_YOUR GOAL:_ A word-for-word transcription of the listing is all that is needed.

_DATA SHOWN:_
——
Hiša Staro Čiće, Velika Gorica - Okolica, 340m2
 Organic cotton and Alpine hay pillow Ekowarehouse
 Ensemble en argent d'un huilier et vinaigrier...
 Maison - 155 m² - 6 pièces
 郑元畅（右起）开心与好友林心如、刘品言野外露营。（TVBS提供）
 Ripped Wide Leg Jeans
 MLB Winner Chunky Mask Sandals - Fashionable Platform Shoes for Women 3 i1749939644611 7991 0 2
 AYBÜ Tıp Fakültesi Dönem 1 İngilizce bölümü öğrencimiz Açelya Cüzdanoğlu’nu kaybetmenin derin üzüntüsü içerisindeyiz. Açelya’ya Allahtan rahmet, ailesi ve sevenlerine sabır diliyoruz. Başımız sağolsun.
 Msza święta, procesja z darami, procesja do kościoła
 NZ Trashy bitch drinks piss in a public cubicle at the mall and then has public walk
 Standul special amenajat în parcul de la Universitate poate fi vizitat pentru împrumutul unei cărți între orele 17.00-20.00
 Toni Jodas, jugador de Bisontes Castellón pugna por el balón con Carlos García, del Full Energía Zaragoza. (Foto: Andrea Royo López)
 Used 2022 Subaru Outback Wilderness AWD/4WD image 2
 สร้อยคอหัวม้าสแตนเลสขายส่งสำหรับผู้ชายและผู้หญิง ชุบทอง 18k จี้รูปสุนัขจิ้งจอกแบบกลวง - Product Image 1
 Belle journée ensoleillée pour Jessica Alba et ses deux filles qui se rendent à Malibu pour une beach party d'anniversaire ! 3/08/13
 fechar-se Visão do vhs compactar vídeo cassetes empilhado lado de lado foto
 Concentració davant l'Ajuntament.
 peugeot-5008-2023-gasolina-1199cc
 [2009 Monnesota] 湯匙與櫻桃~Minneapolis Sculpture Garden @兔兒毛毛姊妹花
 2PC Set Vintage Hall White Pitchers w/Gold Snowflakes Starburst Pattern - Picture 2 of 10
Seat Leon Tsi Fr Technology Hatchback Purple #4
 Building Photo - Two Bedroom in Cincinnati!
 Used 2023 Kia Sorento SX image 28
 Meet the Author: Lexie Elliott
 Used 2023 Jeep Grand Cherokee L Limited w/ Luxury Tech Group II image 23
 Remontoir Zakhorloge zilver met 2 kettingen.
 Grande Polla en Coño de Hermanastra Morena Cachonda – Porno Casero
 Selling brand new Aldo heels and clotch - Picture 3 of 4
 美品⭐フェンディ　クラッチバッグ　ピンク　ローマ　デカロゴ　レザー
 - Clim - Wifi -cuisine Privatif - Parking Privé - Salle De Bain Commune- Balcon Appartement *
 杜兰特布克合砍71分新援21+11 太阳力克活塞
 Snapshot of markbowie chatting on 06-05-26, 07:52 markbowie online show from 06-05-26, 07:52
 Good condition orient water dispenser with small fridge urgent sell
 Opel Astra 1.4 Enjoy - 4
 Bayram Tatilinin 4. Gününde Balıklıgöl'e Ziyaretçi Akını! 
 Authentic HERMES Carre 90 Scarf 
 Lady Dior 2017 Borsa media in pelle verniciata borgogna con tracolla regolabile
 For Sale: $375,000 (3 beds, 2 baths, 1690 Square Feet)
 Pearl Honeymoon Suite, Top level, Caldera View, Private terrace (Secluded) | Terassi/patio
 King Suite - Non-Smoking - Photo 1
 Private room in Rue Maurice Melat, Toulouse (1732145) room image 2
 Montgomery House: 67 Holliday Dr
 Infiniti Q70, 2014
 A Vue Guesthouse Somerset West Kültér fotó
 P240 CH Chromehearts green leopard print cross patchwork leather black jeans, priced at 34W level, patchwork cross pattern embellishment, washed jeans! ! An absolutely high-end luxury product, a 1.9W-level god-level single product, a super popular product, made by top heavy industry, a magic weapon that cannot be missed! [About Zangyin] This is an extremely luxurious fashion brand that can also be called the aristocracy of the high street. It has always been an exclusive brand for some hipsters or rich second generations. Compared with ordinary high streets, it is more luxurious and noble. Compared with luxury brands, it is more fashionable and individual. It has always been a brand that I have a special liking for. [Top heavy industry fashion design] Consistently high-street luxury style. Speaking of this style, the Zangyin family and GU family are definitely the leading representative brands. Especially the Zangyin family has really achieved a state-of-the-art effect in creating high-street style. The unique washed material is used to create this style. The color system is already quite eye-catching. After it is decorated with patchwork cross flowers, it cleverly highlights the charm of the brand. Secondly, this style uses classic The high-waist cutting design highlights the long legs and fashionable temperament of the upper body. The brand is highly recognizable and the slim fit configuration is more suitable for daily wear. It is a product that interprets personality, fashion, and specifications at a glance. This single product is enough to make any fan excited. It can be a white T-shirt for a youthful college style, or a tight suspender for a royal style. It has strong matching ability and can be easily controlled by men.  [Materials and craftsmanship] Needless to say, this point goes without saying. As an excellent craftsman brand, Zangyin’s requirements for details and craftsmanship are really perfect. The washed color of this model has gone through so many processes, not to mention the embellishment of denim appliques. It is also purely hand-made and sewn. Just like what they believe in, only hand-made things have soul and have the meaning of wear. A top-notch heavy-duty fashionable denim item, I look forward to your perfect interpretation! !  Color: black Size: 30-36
——
_WRITTEN RESPONSE:_
Hiša Staro Čiće, Velika Gorica - Okolica, 340m2
 Organic cotton and Alpine hay pillow Ekowarehouse
 Ensemble en argent d'un huilier et vinaigrier...
 Maison - 155 m² - 6 pièces
 郑元畅（右起）开心与好友林心如、刘品言野外露营。（TVBS提供）
 Ripped Wide Leg Jeans
 MLB Winner Chunky Mask Sandals - Fashionable Platform Shoes for Women 3 i1749939644611 7991 0 2
 AYBÜ Tıp Fakültesi Dönem 1 İngilizce bölümü öğrencimiz Açelya Cüzdanoğlu’nu kaybetmenin derin üzüntüsü içerisindeyiz. Açelya’ya Allahtan rahmet, ailesi ve sevenlerine sabır diliyoruz. Başımız sağolsun.
 Msza święta, procesja z darami, procesja do kościoła
 NZ Trashy bitch drinks piss in a public cubicle at the mall and then has public walk
 Standul special amenajat în parcul de la Universitate poate fi vizitat pentru împrumutul unei cărți între orele 17.00-20.00
 Toni Jodas, jugador de Bisontes Castellón pugna por el balón con Carlos García, del Full Energía Zaragoza. (Foto: Andrea Royo López)
 Used 2022 Subaru Outback Wilderness AWD/4WD image 2
 สร้อยคอหัวม้าสแตนเลสขายส่งสำหรับผู้ชายและผู้หญิง ชุบทอง 18k จี้รูปสุนัขจิ้งจอกแบบกลวง - Product Image 1
 Belle journée ensoleillée pour Jessica Alba et ses deux filles qui se rendent à Malibu pour une beach party d'anniversaire ! 3/08/13
 fechar-se Visão do vhs compactar vídeo cassetes empilhado lado de lado foto
 Concentració davant l'Ajuntament.
 peugeot-5008-2023-gasolina-1199cc
 [2009 Monnesota] 湯匙與櫻桃~Minneapolis Sculpture Garden @兔兒毛毛姊妹花
 2PC Set Vintage Hall White Pitchers w/Gold Snowflakes Starburst Pattern - Picture 2 of 10
Seat Leon Tsi Fr Technology Hatchback Purple #4
 Building Photo - Two Bedroom in Cincinnati!
 Used 2023 Kia Sorento SX image 28
 Meet the Author: Lexie Elliott
 Used 2023 Jeep Grand Cherokee L Limited w/ Luxury Tech Group II image 23
 Remontoir Zakhorloge zilver met 2 kettingen.
 Grande Polla en Coño de Hermanastra Morena Cachonda – Porno Casero
 Selling brand new Aldo heels and clotch - Picture 3 of 4
 美品⭐フェンディ　クラッチバッグ　ピンク　ローマ　デカロゴ　レザー
 - Clim - Wifi -cuisine Privatif - Parking Privé - Salle De Bain Commune- Balcon Appartement *
 杜兰特布克合砍71分新援21+11 太阳力克活塞
 Snapshot of markbowie chatting on 06-05-26, 07:52 markbowie online show from 06-05-26, 07:52
 Good condition orient water dispenser with small fridge urgent sell
 Opel Astra 1.4 Enjoy - 4
 Bayram Tatilinin 4. Gününde Balıklıgöl'e Ziyaretçi Akını! 
 Authentic HERMES Carre 90 Scarf 
 Lady Dior 2017 Borsa media in pelle verniciata borgogna con tracolla regolabile
 For Sale: $375,000 (3 beds, 2 baths, 1690 Square Feet)
 Pearl Honeymoon Suite, Top level, Caldera View, Private terrace (Secluded) | Terassi/patio
 King Suite - Non-Smoking - Photo 1
 Private room in Rue Maurice Melat, Toulouse (1732145) room image 2
 Montgomery House: 67 Holliday Dr
 Infiniti Q70, 2014
 A Vue Guesthouse Somerset West Kültér fotó
 P240 CH Chromehearts green leopard print cross patchwork leather black jeans, priced at 34W level, patchwork cross pattern embellishment, washed jeans! ! An absolutely high-end luxury product, a 1.9W-level god-level single product, a super popular product, made by top heavy industry, a magic weapon that cannot be missed! [About Zangyin] This is an extremely luxurious fashion brand that can also be called the aristocracy of the high street. It has always been an exclusive brand for some hipsters or rich second generations. Compared with ordinary high streets, it is more luxurious and noble. Compared with luxury brands, it is more fashionable and individual. It has always been a brand that I have a special liking for. [Top heavy industry fashion design] Consistently high-street luxury style. Speaking of this style, the Zangyin family and GU family are definitely the leading representative brands. Especially the Zangyin family has really achieved a state-of-the-art effect in creating high-street style. The unique washed material is used to create this style. The color system is already quite eye-catching. After it is decorated with patchwork cross flowers, it cleverly highlights the charm of the brand. Secondly, this style uses classic The high-waist cutting design highlights the long legs and fashionable temperament of the upper body. The brand is highly recognizable and the slim fit configuration is more suitable for daily wear. It is a product that interprets personality, fashion, and specifications at a glance. This single product is enough to make any fan excited. It can be a white T-shirt for a youthful college style, or a tight suspender for a royal style. It has strong matching ability and can be easily controlled by men.  [Materials and craftsmanship] Needless to say, this point goes without saying. As an excellent craftsman brand, Zangyin’s requirements for details and craftsmanship are really perfect. The washed color of this model has gone through so many processes, not to mention the embellishment of denim appliques. It is also purely hand-made and sewn. Just like what they believe in, only hand-made things have soul and have the meaning of wear. A top-notch heavy-duty fashionable denim item, I look forward to your perfect interpretation! !  Color: black Size: 30-36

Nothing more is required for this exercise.